Warnung vor »Amoklauf«

Dies gelte aber nicht für München, meint Münchens Wirtschaftsreferent Dieter Reiter in einer Presseerklärung. Wenn die Reform der Ein-Euro-Jobs so komme, wie derzeit diskutiert wird, »gefährdet sie den in München existierenden, öffentlich geförderten Beschäftigungssektor mit seiner Vielzahl an marktnahen Betrieben in seinem Bestand. Dies wäre umso bedauerlicher, als mengenmäßig nie eine Gefährdung von den Betrieben des Zweiten Arbeitsmarktes für die Unternehmen in der Stadt mit ihren mehr als 690 000 Beschäftigten ausgegangen ist.« Durch Kriterien wie »Zusätzlichkeit« würden die Langzeitarbeitslosen in den Sozialen Betrieben »endgültig in marktferne Arbeiten und Aufgaben abgedrängt« und die »Brückenfunktion in den ersten Arbeitsmarkt« erlöschen.

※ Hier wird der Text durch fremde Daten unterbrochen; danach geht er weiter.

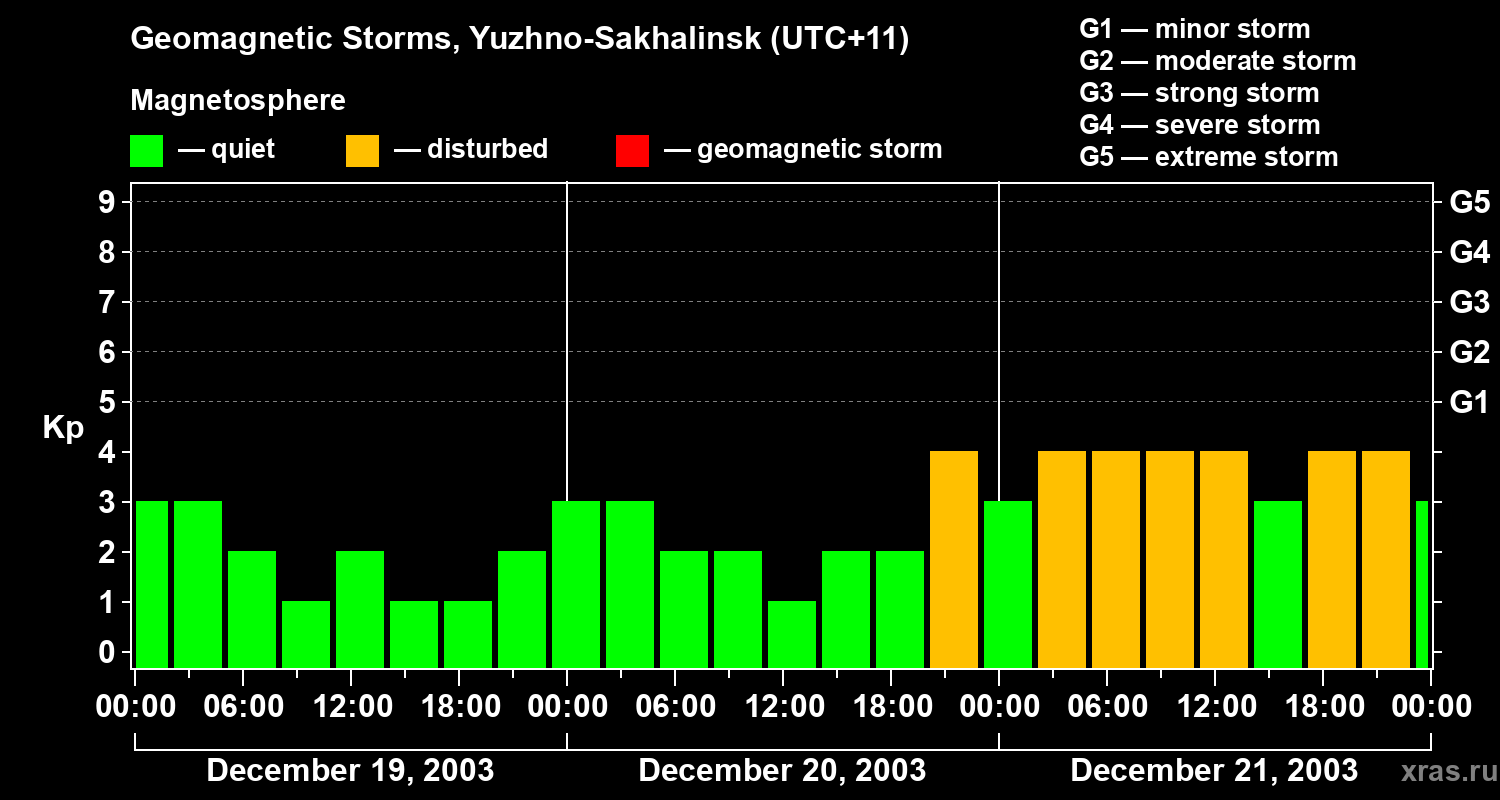 Changes in the geomagnetic index Kp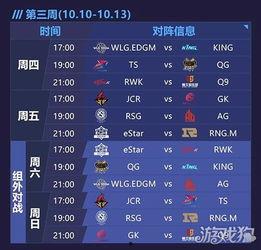 qq飞车最新s联赛特性爆料,QQ飞车激战升级，速度与激情再燃巅峰  第2张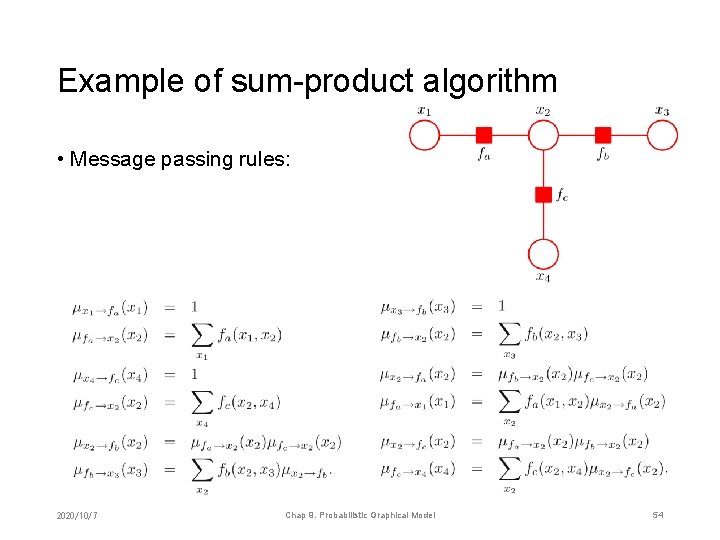 Example of sum-product algorithm • Message passing rules: 2020/10/7 Chap 9. Probabilistic Graphical Model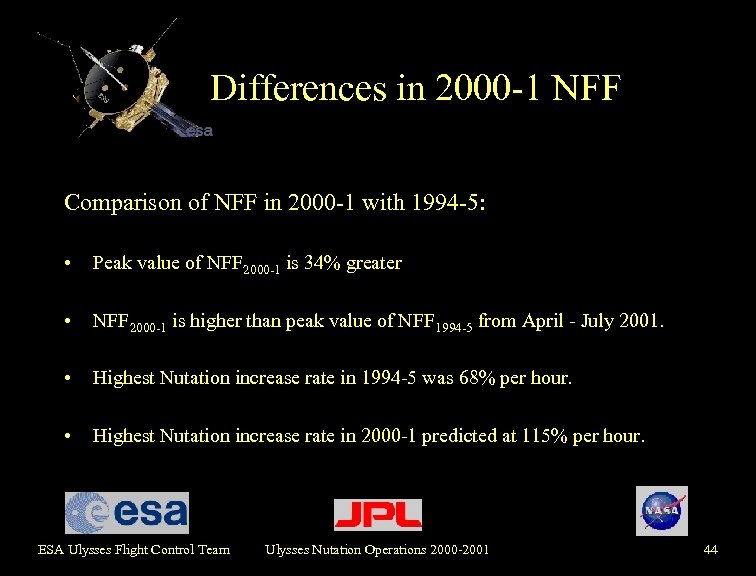 Differences in 2000 -1 NFF Comparison of NFF in 2000 -1 with 1994 -5: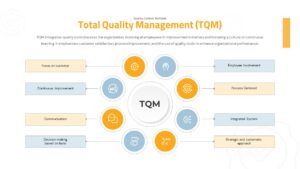 Quality Control Presentation Template TQM Slide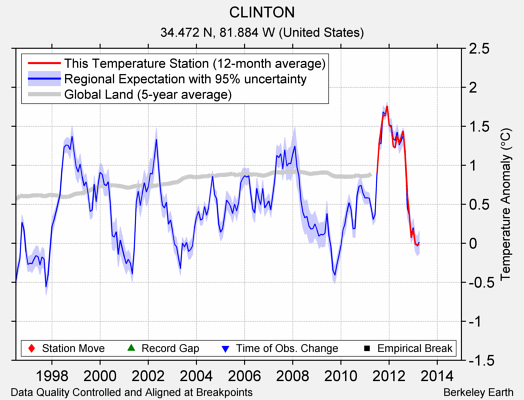 CLINTON comparison to regional expectation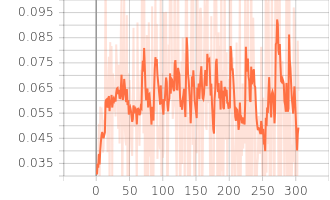 Grad_resblocks.0.0.res_function.1.weight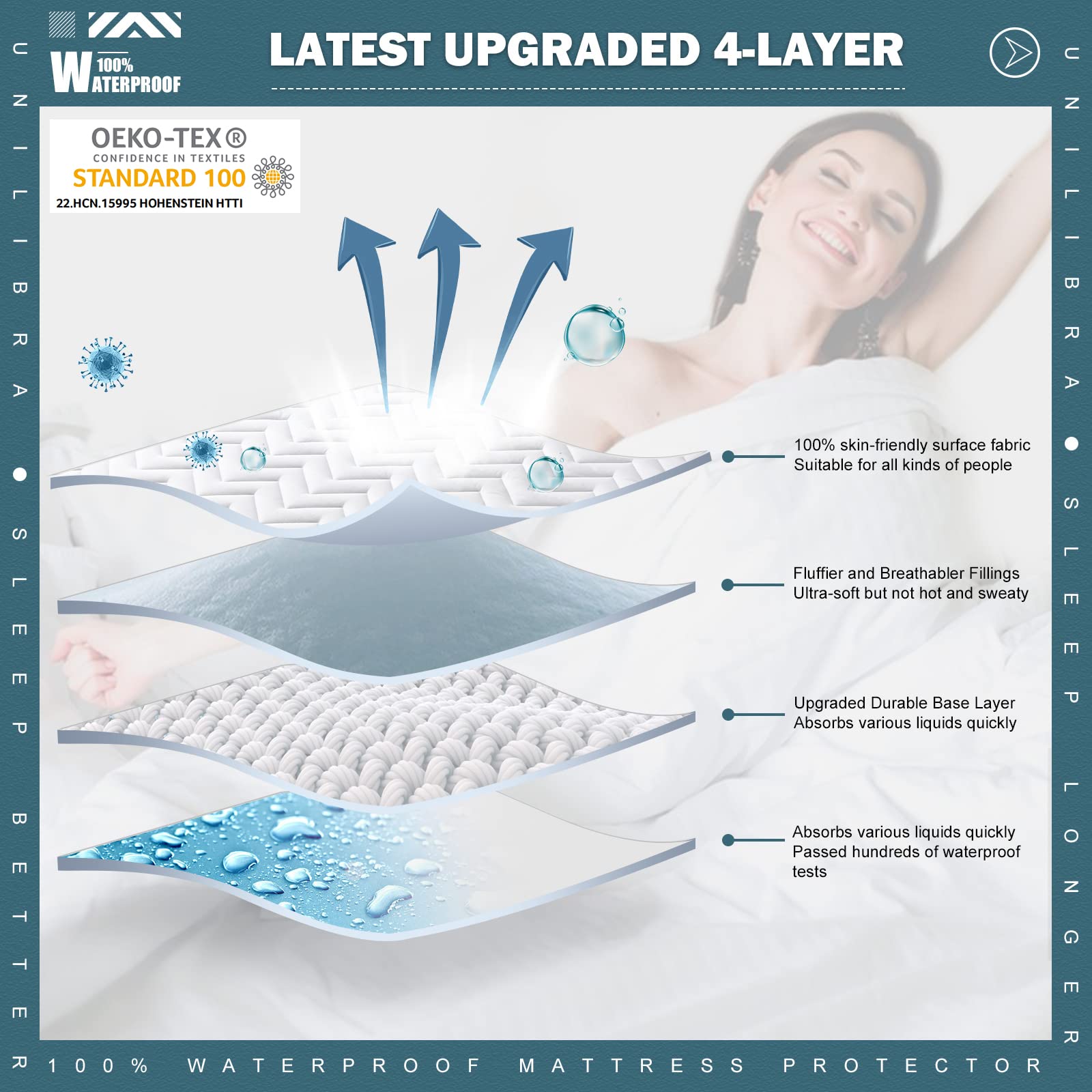 UNILIBRA queen protector quilting detail adds plush feel without stuffiness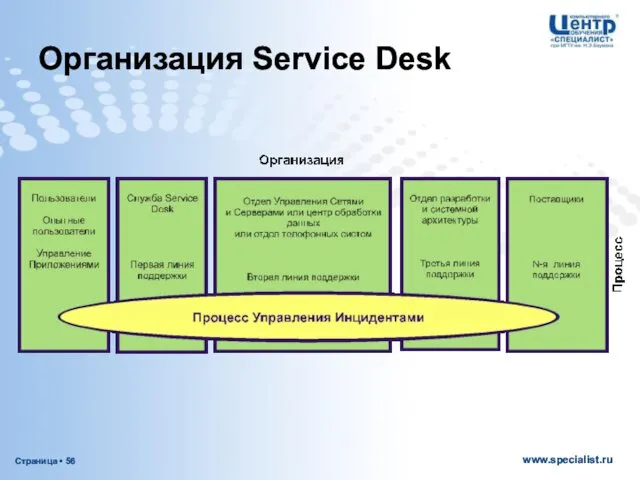 Организация Service Desk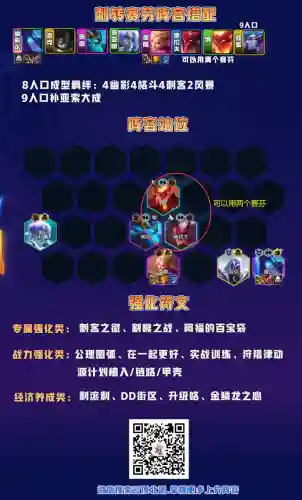 驯龙格斗阵容搭配图片(小小驯龙师的无敌阵容)插图4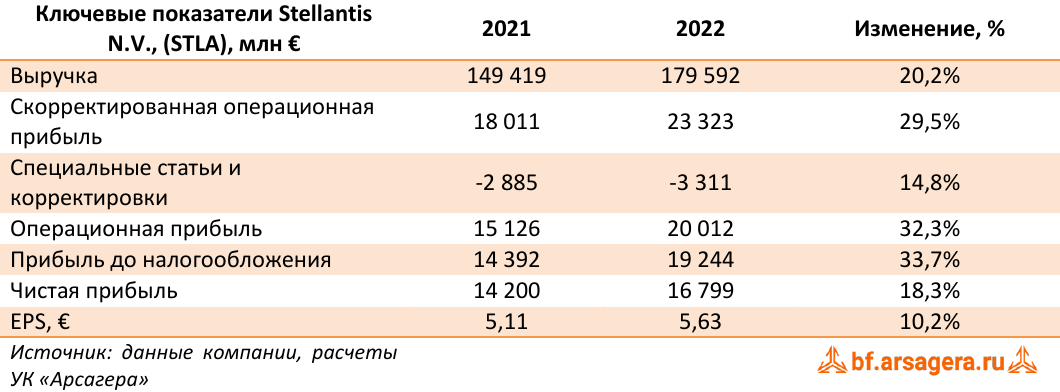 Ключевые показатели Stellantis N.V., (STLA), млн € (STLA), 2022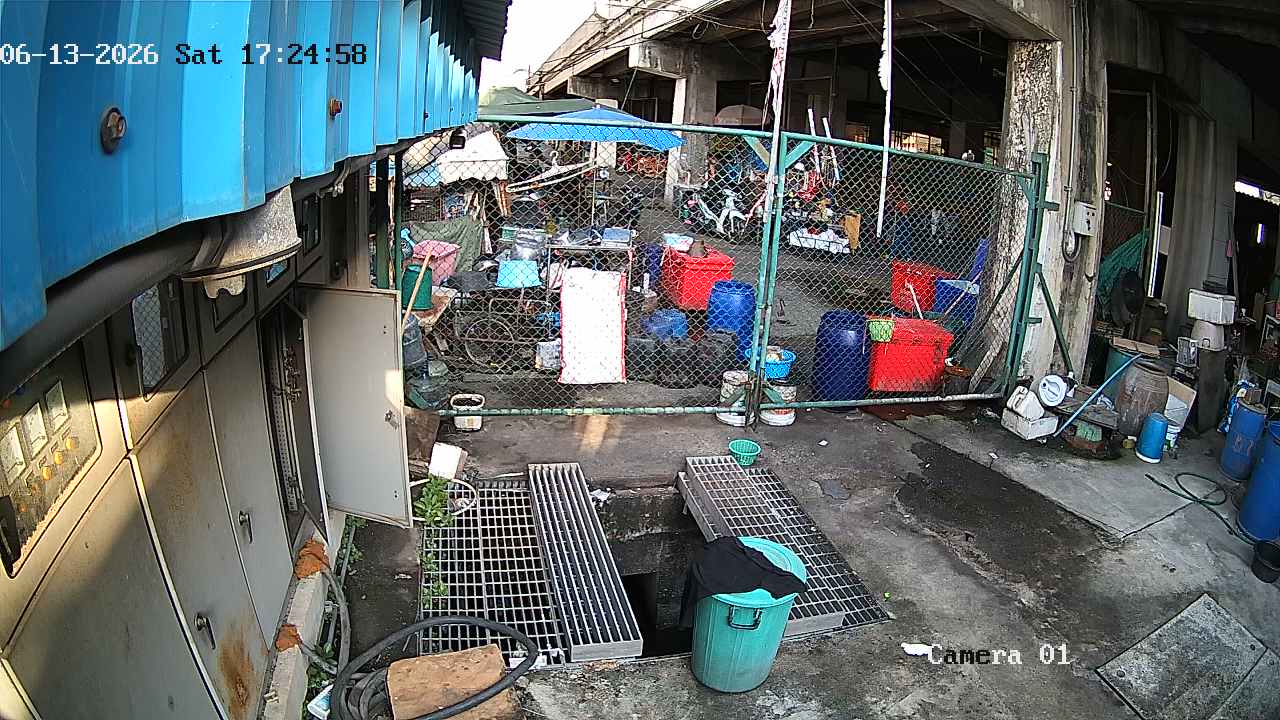 CCTV
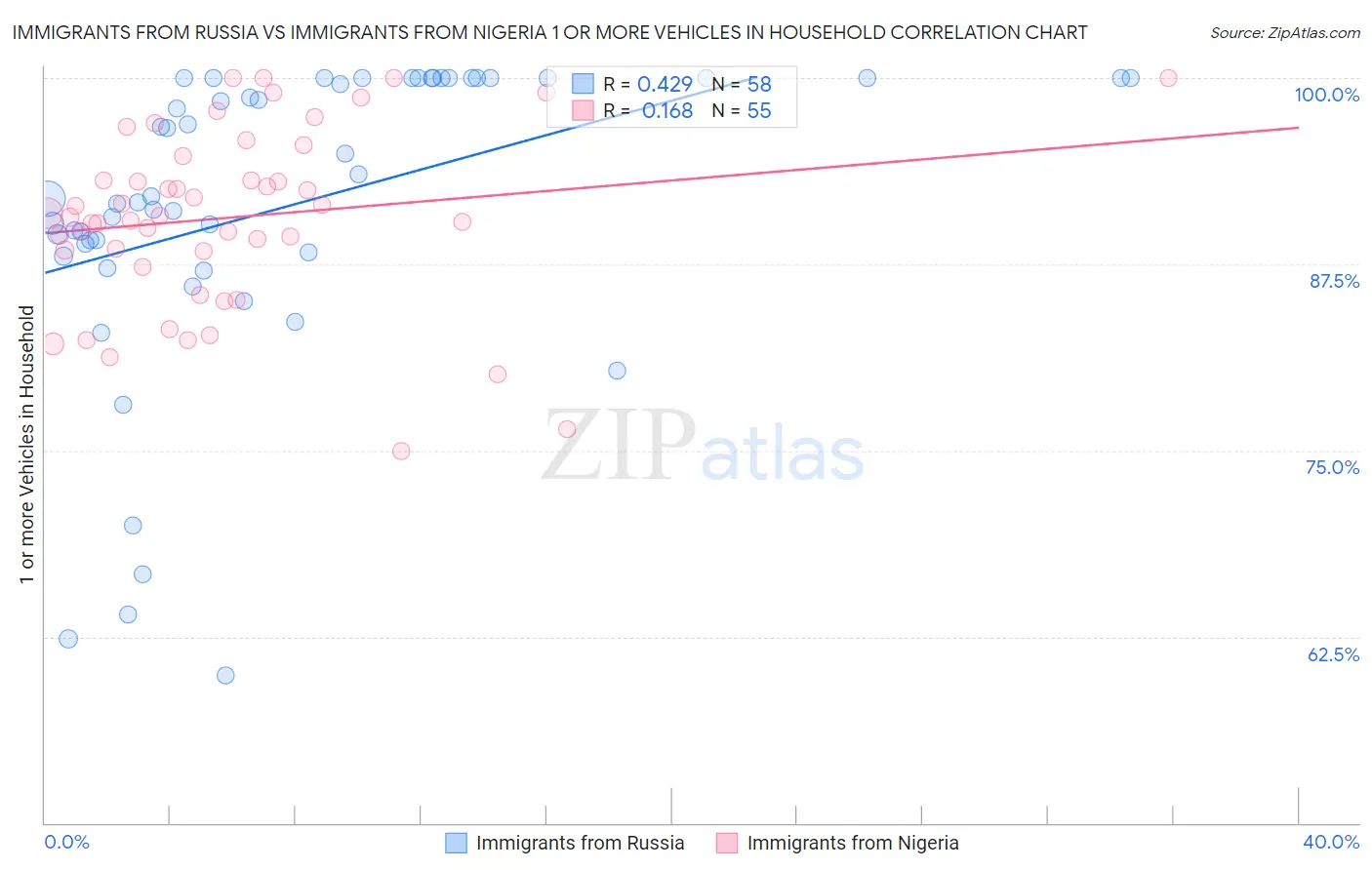 Immigrants from Russia vs Immigrants from Nigeria 1 or more Vehicles in Household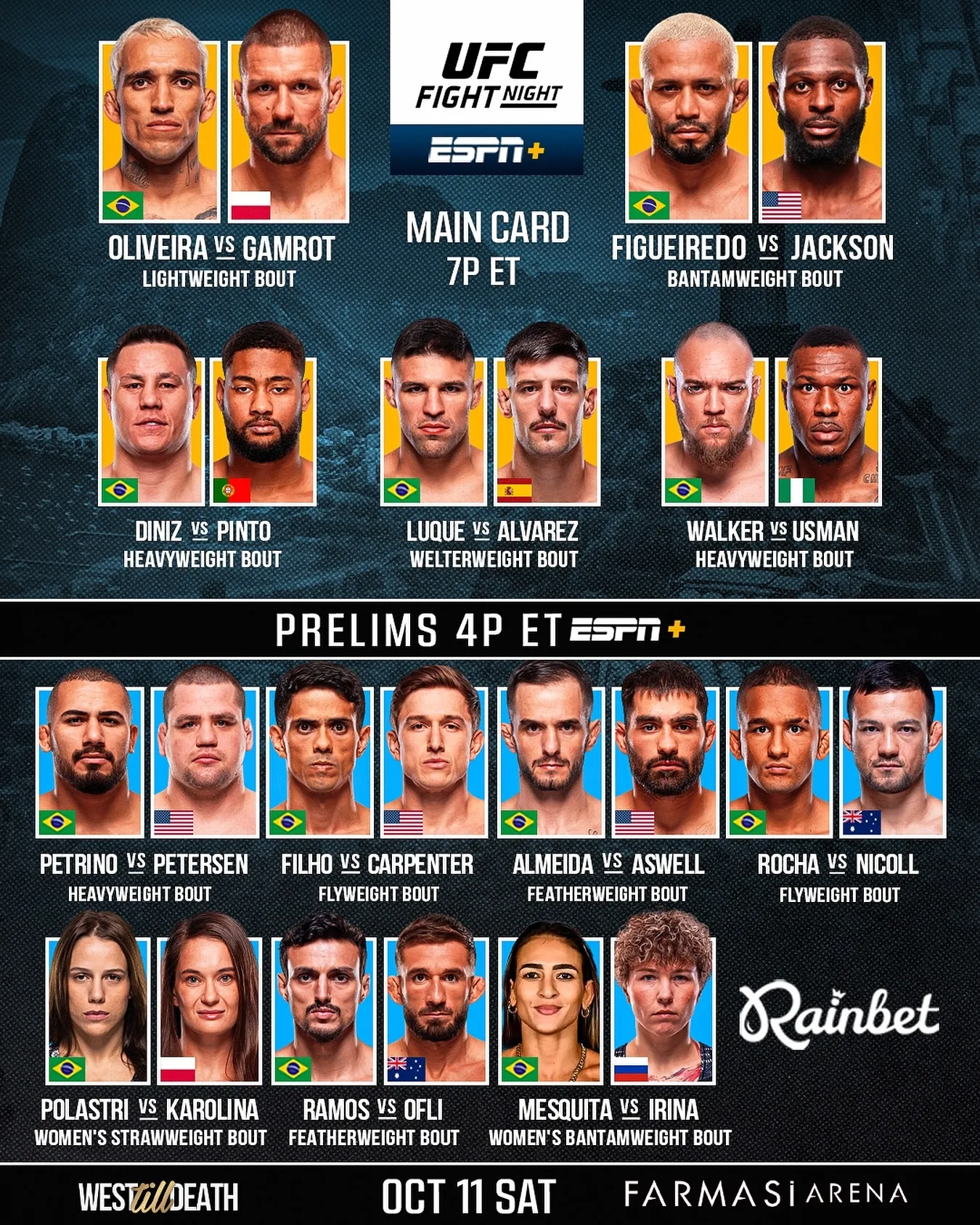 Полный кард турнира UFC Fight Night 261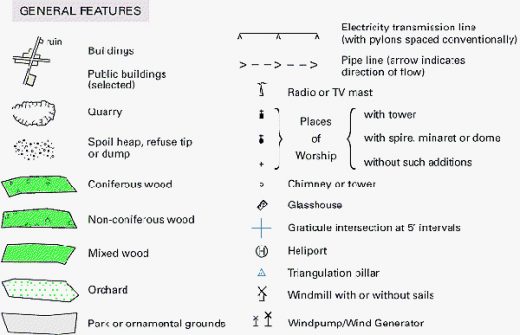 Map Signs | Scouting Resources UK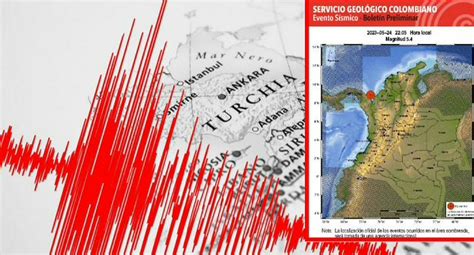 Dicen Si Hay Riesgo De Tsunami En La Costa Caribe Tras Más De 70 Sismos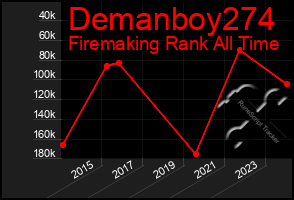 Total Graph of Demanboy274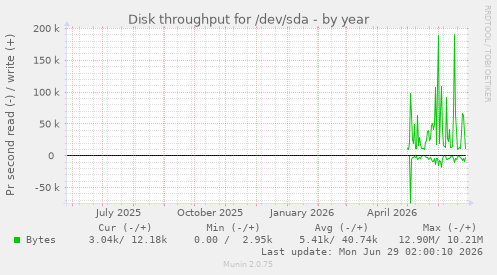 Disk throughput for /dev/sda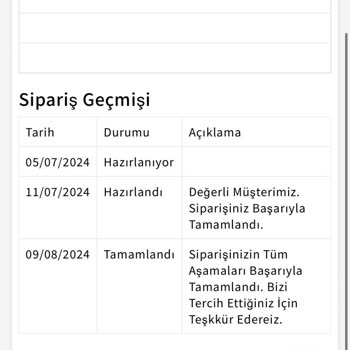 Mondy Shop Mama Siparişim Hala Ulaşmadı Ve Müşteri Hizmetlerine Ulaşamıyorum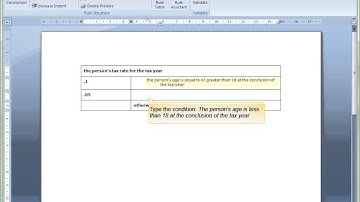 Understanding Rule Tables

LINKE-Stadträtin Henn dagegen warnt: Bei einer Aufweichung der »Zusätzlichkeit«-Klausel drohe ein bundesweiter arbeitsmarktpolitischen »Amoklauf«. Für Henn liegt »der Ausweg aus dem Problem, das die Münchner Beschäftigungsprojekte jetzt haben«, in der Umwandlung der Ein-Euro-Jobs in sozialversicherungspflichtige Arbeitsverhältnisse, heißt es in ihrem vom Stadtratsausschuss inzwischen abgelehnten Änderungsantrag.